KM: Jakie projekty zawodowe są obecnie najbliższe pańskiemu sercu?
Robert Motyka: Czas kwarantanny, był dla mnie w pewnym sensie zbawienny. Oczywiście natychmiast straciłem pracę, bo wszystkie występy zostały odwołane, bądź przeniesione na bliżej nieokreślony termin jesienny, ale wreszcie znalazłem chwilę na to, aby zrobić coś nowego. Od marca tworzę swój autorski projekt, jakim jest Komisariat Towarzyski. To półprywatne rozmowy wideo live z ludźmi, których podziwiam i których motorem napędowym jest pasja. Spotykam się z artystami, sportowcami, dziennikarzami, celebrytami, influencerami.
Nie porzucam oczywiście kabaretu. Paranienormalni, projekt, którego jestem współtwórcą, daje mi od 16 lat wiele satysfakcji, ale otwieram się chętnie na inne formy sceniczne. Mam za sobą debiut jako stand-uper i zamierzam kontynuować tę przygodę, bo to wyjście ze strefy komfortu powoduje, że odnajduję się na nowo jako artysta.
KM: Wystarczy zerknąć na kilka zdjęć w sieci, by wiedzieć, że ma pan swój styl i jednocześnie nie boi się eksperymentów. Na co zwraca pan szczególną uwagę, myśląc o swoich stylizacjach?

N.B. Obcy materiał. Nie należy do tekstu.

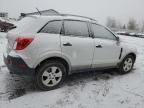 2014 Chevrolet Captiva LS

Robert Motyka: Od lat staram się dbać o swój styl. Najpierw były poszukiwania. Próby, przymiarki, podglądanie, zaglądanie do różnych szaf. Podróże, które uwielbiam, sprawiły, że otworzyłem się na różne style i stałem się odważniejszy w kwestiach doboru garderoby. Z ubieraniem jest podobnie jak z gotowaniem. Dobra potrawa wymaga przypraw, dodatków i sposobu podania, a więc ogromne znaczenie ma kompozycja. Kocham kapelusze. Podczas pierwszego pobytu w Nowym Jorku, we włoskiej dzielnicy trafiłem na sklep z pięknymi kapeluszami i od tamtej pory jestem ich ogromnym fanem. Stanowią w mojej stylizacji wspaniały dodatek i powodują, że czuję się sobą. Lubię elegancję przełamaną jakimś sportowym elementem. Jeśli zakładam eleganckie spodnie, but musi trochę kontrastować. Marynarkę przełamuję t-shirtem, albo rozpiętą koszulą. Kolekcjonuję też buty, które potrafią wyczarować bardzo zaskakującą stylizację. Staram się ubierać zgodnie ze swoim temperamentem.